A Girl Walks Home Alone at Night

(„A Girl Walks Home Alone at Night“ directed by Ana Lily Amirpour, 2014)

A Girl Walks Home Alone at Night
„A Girl Walks Home Alone at Night“ läuft ab 23. April I’m Kino

Arash (Arash Marandi) hat einfach kein Glück im Leben: Seine Mutter ist tot, der Vater ein mittelloser Junkie, eine wirkliche Perspektive will sich ihm in der ehemaligen Industriestadt Bad City nicht bieten. Als er auch noch den mühsamen ersparten Sportwagen aus den 50ern an den Gangster Saeed (Dominic Rains) verliert, streift er niedergeschlagen durch die dunklen Gassen. Dort begegnet er eines Nachts auf dem Rückweg von einer Party einem mysteriösen, verhüllten Mädchen (Sheila Vand). Aber mehr noch als ihren Körper hält sie ein Geheimnis vor anderen versteckt: Sie ist ein Vampir, saugt anderen Menschen regelmäßig Blut und Leben aus.

Ein iranischer Vampir-Western in Schwarz-Weiß? Da wurden selbst abgehärtete Besucher des an Sonderlichkeiten nicht armen Fantasy Filmfests hellhörig, als A Girl Walks Home Alone at Night beim diesjährigen Frühlingsableger lief.

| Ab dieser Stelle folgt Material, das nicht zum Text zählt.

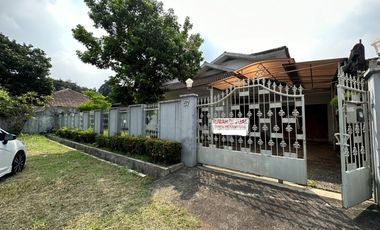 Home Sweet Home Halaman Luas di Jl Kenanga Megapolitan Cinere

Natürlich darf man sich nichts vormachen, der Film über eine untote Jägerin lebt schon sehr von seinem Gimmick, von dieser ungewöhnlichen Kombination. Prostitution, Drogen, Diebstahl, Gewalt, westliche Musik, außerehelicher Sex – das sind alles Sachen, die man nicht in einem iranischen Film erwarten würde. Und selbst ausgesprochenen Horrorexperten dürften nicht viele Beispiele einfallen, wo ein weiblicher Vampir mit langem Schleier auf einem Skateboard durch die Nacht rollt.

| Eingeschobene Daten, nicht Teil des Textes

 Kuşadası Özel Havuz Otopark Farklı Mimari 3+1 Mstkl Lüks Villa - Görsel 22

Und doch würde man der iranisch-amerikanischen Regisseurin und Drehbuchautorin Ana Lily Amirpour unrecht tun, wenn man ihr Langfilmdebüt nur darauf beschränkt. Und auch der angesichts der Beschreibung zu erwartende Trashfaktor hält sich sehr in Grenzen. Tatsächlich ist A Girl Walks Home Alone at Night ein unglaublich atmosphärischer Genrebeitrag geworden. Schon in der ersten Einstellung, wenn die Kamera an einem Leichenberg vorbeifährt, der unbehelligt in einem ausgetrockneten Flussbett vor sich hinvegetiert, stellen sich einem die Nackenhaare auf. Und richtig eindrucksvoll wird es dann bei Nacht, wenn die Schwarz-Weiß-Aufnahmen aus den menschenleeren Straßen surreale Geisterbahnen machen, man selbst im sicheren Kinosessel langsam immer weiter nach unten rutscht. Einiges davon wird durch die Musik unterstützt, die sich ebenso wenig an Grenzen hält, 80er Jahre New Wave mit Westernmelodien, Schlagern und alptraumhaften Stimmungstücken kombiniert.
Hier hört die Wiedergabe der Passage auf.